Continuing on the theme of "classical music" as entertainment: Bach lived to the age of 65, Mozart only 35, and Beethoven wrote a piece "Elegy on the Death of a Poodle". Wagner named his dwarf rabbit "Little Son Fips" and his parrot "Little Daughter Papo". And he loved to compose in historical costumes. How long was Beethoven completely deaf? For eight whole years. How long it took to develop into this catastrophe? For fully 21 years. Do you know that Mozart was honored by Pope Clement XIV with the "Order of the Golden Spur"?  Are you aware that the Wagners and the Liszts are related? And thus are the second-largest famous family of musicians ever?!
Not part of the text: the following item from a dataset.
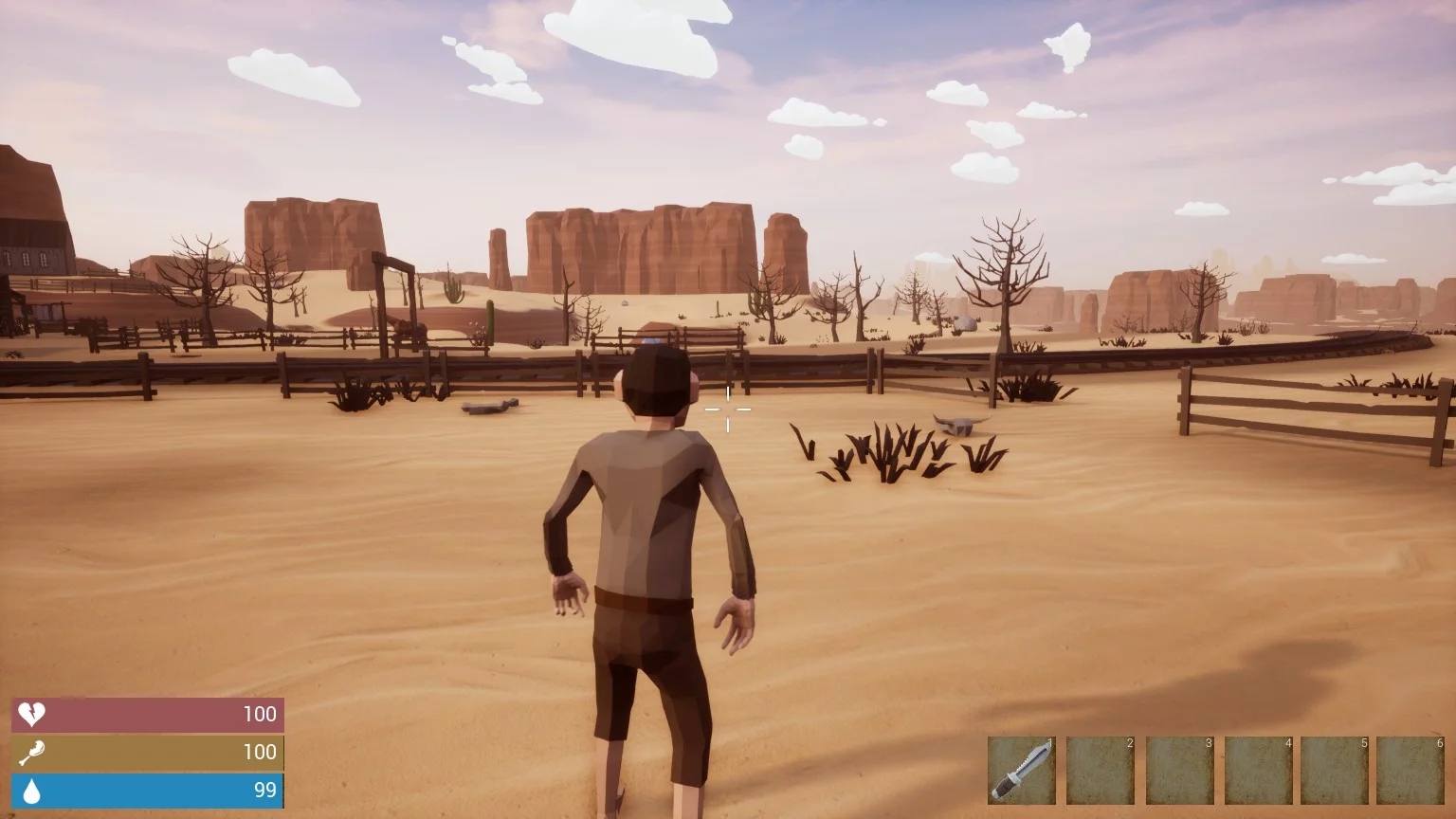 Изображение игры: Survive the West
Hildegard of Bingen and Clara Schumann are the only classical composers of significance. Whereby, Hildegard von Bingen already made very borderline classical music according to our current definition. That Mozart was not the inventor of the Mozartkugel is clear. But you didn't know that this delicacy was first invented as "Mozart candy" exactly 101 years after his death, right? Back again to Bach. The Bach Genealogy is a real challenge, but so is the subject of Bach in general: The Milan Bach, one of Bach's sons, is also the London Bach, the Berlin Bach is also the Hamburg Bach, in each case both and.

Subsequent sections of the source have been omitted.